D. Plaintiff Has Not Shown the So-Called “Fallback Venue Statute” Can Establish Venue
Plaintiff finally argues, based on a statement from Micron in briefing for a different action, that there “is no venue where Micron and Avnet can be sued together under the patent venue statute,” such that there is a “venue gap” to which 28 U.S.C. § 1391(b)(3) should apply to establish venue in this case. (Dkt. No. 155 at 16-17.) Micron responds that § 1391 is a general venue statute which does not apply to Plaintiff’s patent claims in this case. (Dkt. No. 157 at 9.) This Court has previously established that “28 U.S.C. § 1400(b) is the ‘sole and exclusive provision controlling venue in patent infringement actions’ and is not supplemented by the general venue statutes.” MyChoice LLC v. Taiv, Inc., 2025 WL 899316, at *1 (E.D. Tex. Mar. 24, 2025) (quoting TC Heartland, 581 U.S. at 266). Strangely, Plaintiff’s cited cases involve unique venue concerns that arise exclusively in suits with “foreign corporations… us[ing] § 1400(b) as a shield against suit in a particular district court,” which is not the issue before this Court. See, e.g., In re HTC Corp., 889 F.3d 1349, 1357-57 (Fed. Cir. 2018) (emphasis added) (referring to unique issues
arising in suits against foreign defendants as the “alien-venue rule”). Accordingly, Plaintiff’s invocation of § 1391 in this case is unavailing. E. Transfer If venue is improper, the Court must dismiss the case, “or if it be in the interest of justice, transfer such case to any district or division in which it could have been brought.” 28 U.S.C. § 1406(a). Micron argues that “the interests of justice favor dismissal, not transfer, because cases are pending in the District of Delaware between Micron and Netlist over both the ’087 and ’731 patents,” and there is no risk Plaintiff will face a statute of limitations or forfeiture of its rights as a result of dismissal. (Dkt. No. 28 at 10.) Plaintiff does not respond to this argument in its responsive brief or otherwise address whether it asserts this case should be transferred versus
dismissed. (See generally Dkt.
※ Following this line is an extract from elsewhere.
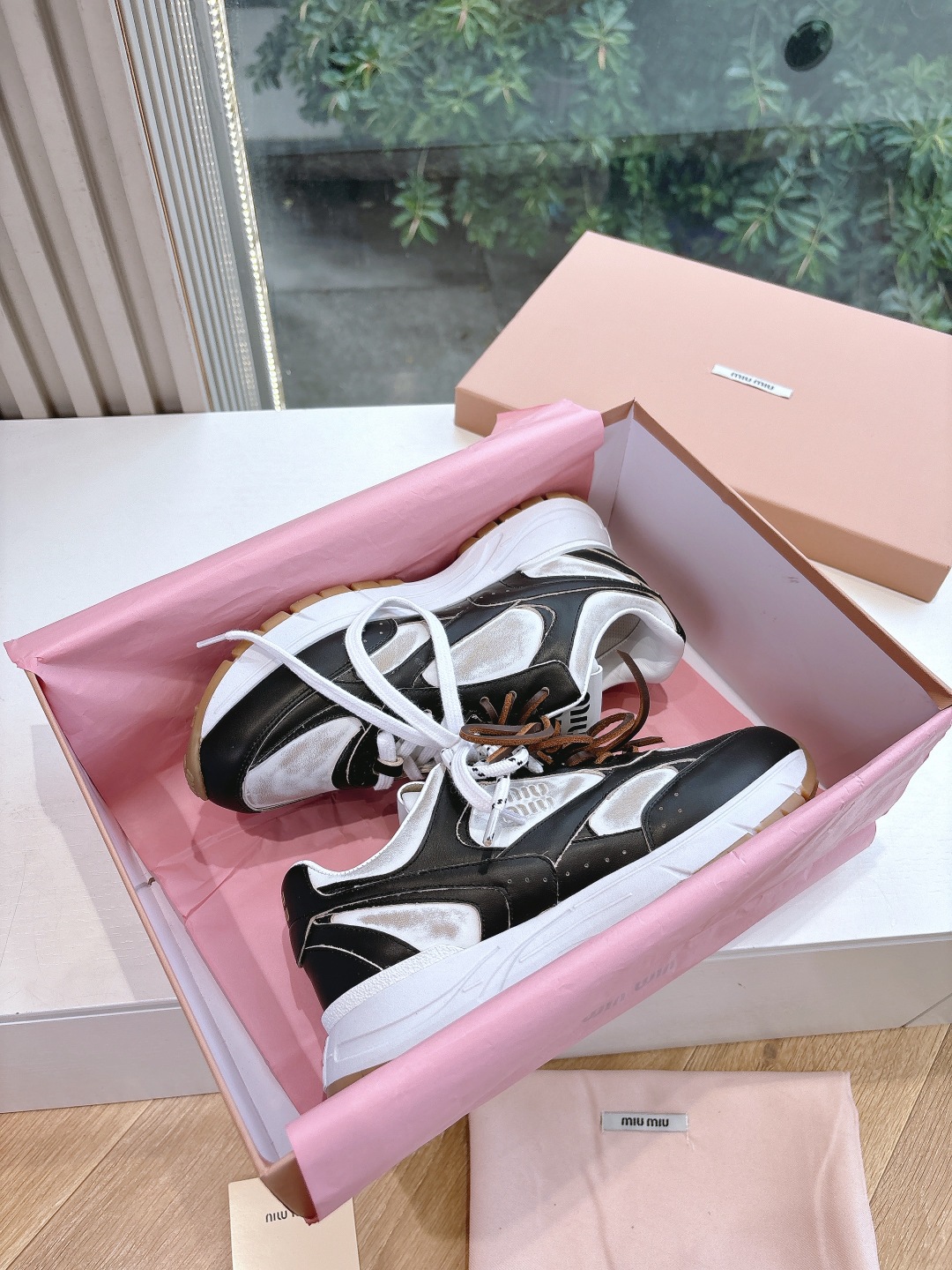 MiuMiu 미우미우 스니커즈 신발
No. 155.) While the above analysis points to the result that, under these facts, venue is not proper within this District, the Court is bound to consider the interests of justice. Having done so, the Court is persuaded that the interests of justice dictate that rather than dismissal, this action should be transferred to the District of Delaware, which is familiar with these parties, their counsel, and their claims. The District of Delaware is a district where this action could have properly been brought initially. IV. CONCLUSION For the reasons stated herein, Micron’s Motion (Dkt. No. 28) is GRANTED, and the above-captioned Member Case No. 2:25-cv-00558-JRG is TRANSFERRED to the District of Delaware. All requests for relief between the Micron Defendants and Plaintiff not expressly granted herein are DENIED AS MOOT.’ To facilitate transfer, this Member Case and Lead Case No. 2:25-cv-00557 are deconsolidated. The Clerk is ORDERED to transfer this case as set forth above, instanter.
So ORDERED and SIGNED this 6th day of March, 2026.
RODNEY GILSTRAP \ UNITED STATES DISTRICT JUDGE
T Avnet’s Opposed Motion to Sever and Stay (Dkt. No. 99) remains in place and should be considered by the Transferee Court.